From Broad City to Too Much: The Return of The Twenties on TV
- Ann Tankersley

- Oct 3
- 4 min read
Updated: Oct 6
Where were you back when being an adult became “adulting”? How many times have you proclaimed that “you’re just a girl” in the face of inconvenient responsibility? And are you often called back to the incoherent sitcom advice of Carrie and Miranda or Abbi and Ilana?

In the mid-2010s, television peaked for twenty-something comedies that gave levity and brilliance to the messiness of this era in life.
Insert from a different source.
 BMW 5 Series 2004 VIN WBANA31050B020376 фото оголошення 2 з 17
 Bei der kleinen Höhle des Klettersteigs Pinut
Broad City, Girls, and the oh-so-rewatched SATC taught us that friendship could survive (and even thrive) in chaos.
The interpersonal connections of these series insisted on their right to be unlikable, broke, and painfully self-serious. Insecure and its successors satirized the blissfully painful reality of the humiliation ritual that becoming a woman can be. Shortly after the craze in popularity for these series and their unmentioned counterparts, a drought fell upon the dramedy about twenty-somethings series worlds, yet none have gone unquoted, unreferenced, or unedited on TikTok (set to a Charli XCX remix). But in 2025, a miracle arrived in the form of a buddy comedy resurgence. Shows like Overcompensating, Adults, Too Much, and The Sex Lives of College Girls are ushering in a new version of the “lost twenties” narrative, with new series ordered that offer bespoke stories like “I Love LA”: Rachel Sennott’s trauma-bonded episodic comedy about primed Los Angeles transplants and natives.

Where earlier characters stumbled through adulthood with naive earnestness, today’s leads are hyper-aware of their messiness.
When they fail, it feels like a vlog prompt or an inspiration for their untouched Substack article series, maybe even a story for their Hinge profile prompts. Although satirizing the dirty reality of failures in early adulthood isn’t new, it has been ushered in as the punchline rather than a supporting role in the greater comedic beats of these series.
A decade after Broad City and Girls making fun of New York City’s ridiculous subcultures and the definitive millennial state of girlhood, and Insecure’s delivery of a woman’s navigation of love and success through a personal lens of life’s funniest of flops, new series are rewriting the foundation of poking fun and the new girl-to-girl who has it all pipeline.
Overcompensating leans into cringe-comedy, spotlighting characters who are too self-aware for their own good and the unshy awkwardness of being closeted and queer in college. Adults plays with the absurdities of post-grad survival — financial precarity, petty drama as hobbies, group chats as lifelines. Too Much thrives (and sometimes relies) on meta-humor and situational comedy, poking fun at the fact that every attempt at seriousness collapses into ironic chaos.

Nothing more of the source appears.